The Great Attractor is a purported gravitational attraction in intergalactic space and the apparent central gravitational point of the Laniakea Supercluster. This supercluster contains our own galaxy, the Milky Way, as well as about 100,000 other galaxies.

The observed attraction suggests a localized concentration of mass millions of times more massive than the Milky Way. However, it is inconveniently obscured by our own Milky Way's galactic plane, lying behind the Zone of Avoidance (ZOA), so that in visible light wavelengths, the Great Attractor is difficult to observe directly. 

The attraction is observable by its effect on the motion of galaxies and their associated clusters over a region of hundreds of millions of light-years across the universe.
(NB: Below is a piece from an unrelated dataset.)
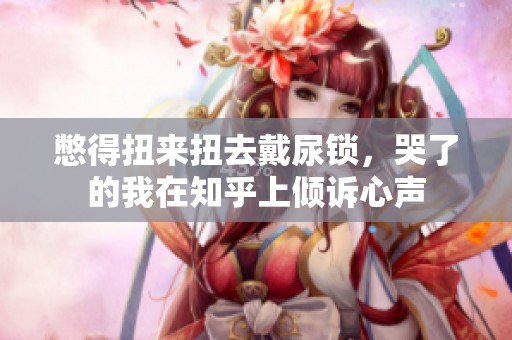 憋得扭来扭去戴尿锁，哭了的我在知乎上倾诉心声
These galaxies are observable above and below the ZOA; all are redshifted in accordance with the Hubble flow, indicating that they are receding relative to us and to each other, but the variations in their redshifts are large enough and regular enough to reveal that they are slightly drawn towards the attraction. The variations in their redshifts are known as peculiar velocities, and cover a range from about +700 km/s to −700 km/s, depending on the angular deviation from the direction to the Great Attractor.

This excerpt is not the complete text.